WHAT IS EXPECTED: Repeat the data exactly, leaving out any image.

COLLECTED DATA:

== == ==

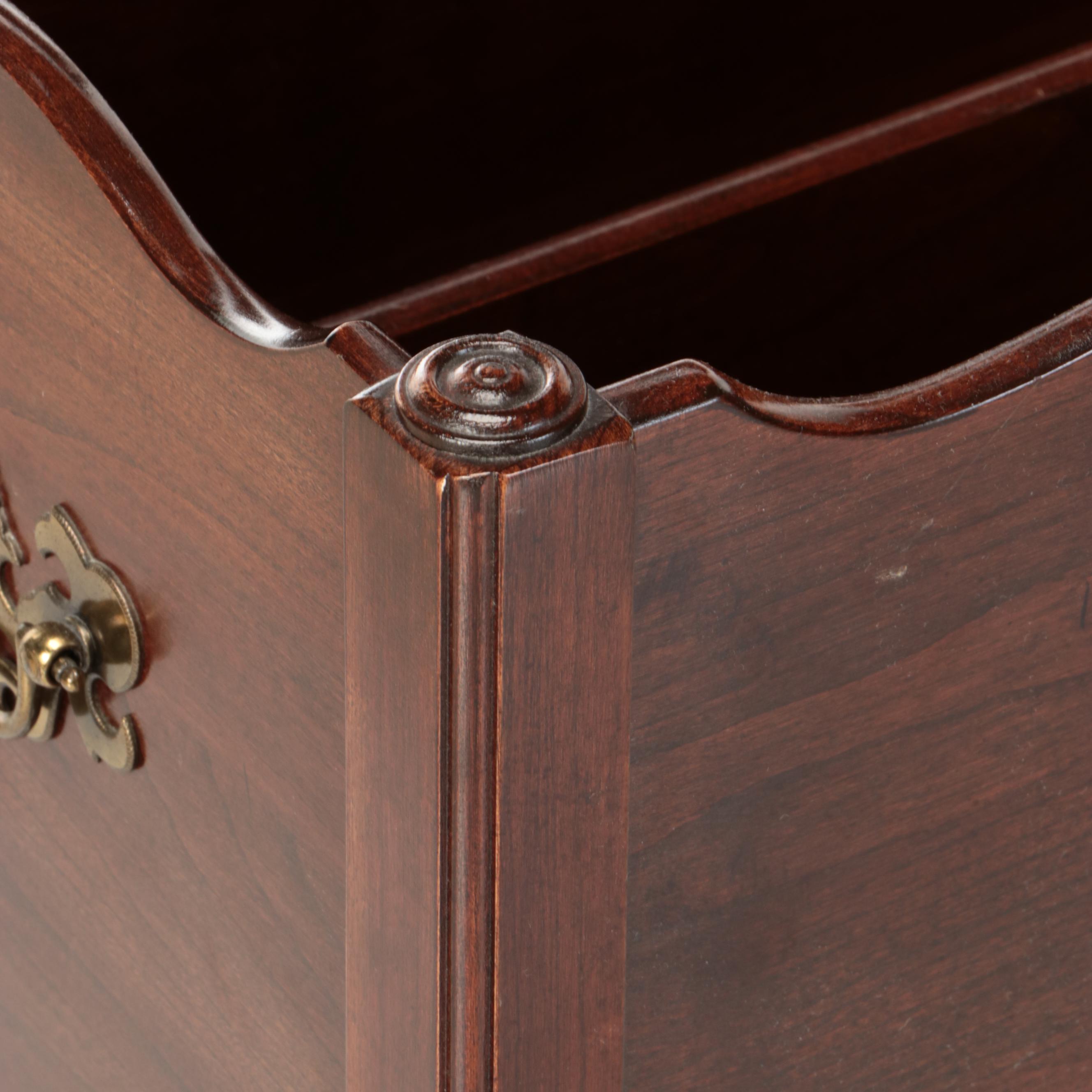 Ethan Allen Chippendale Style Brass Mount Cherry Magazine Rack on Casters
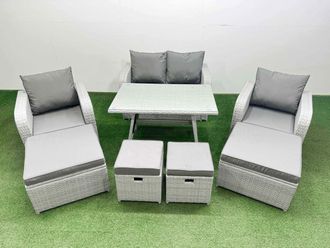Fimous 8-seater Patio Rectangular Table Sofa Set with 4 Stools Light Grey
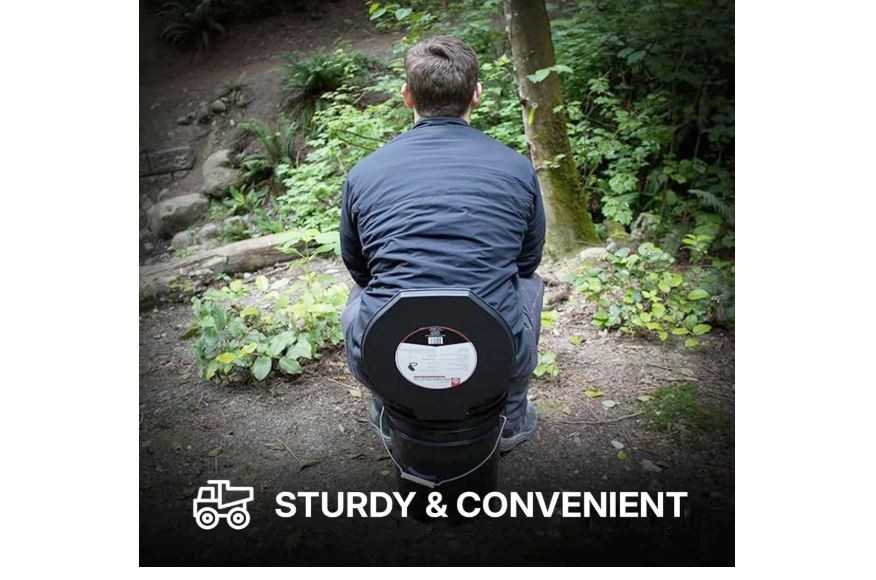 5-Gallon Portable Toilet Seat with Lid for Camping, Emergencies & Travel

== == ==

EXERCISE OUTPUT:
 Ethan Allen Chippendale Style Brass Mount Cherry Magazine Rack on Casters
Fimous 8-seater Patio Rectangular Table Sofa Set with 4 Stools Light Grey
 5-Gallon Portable Toilet Seat with Lid for Camping, Emergencies & Travel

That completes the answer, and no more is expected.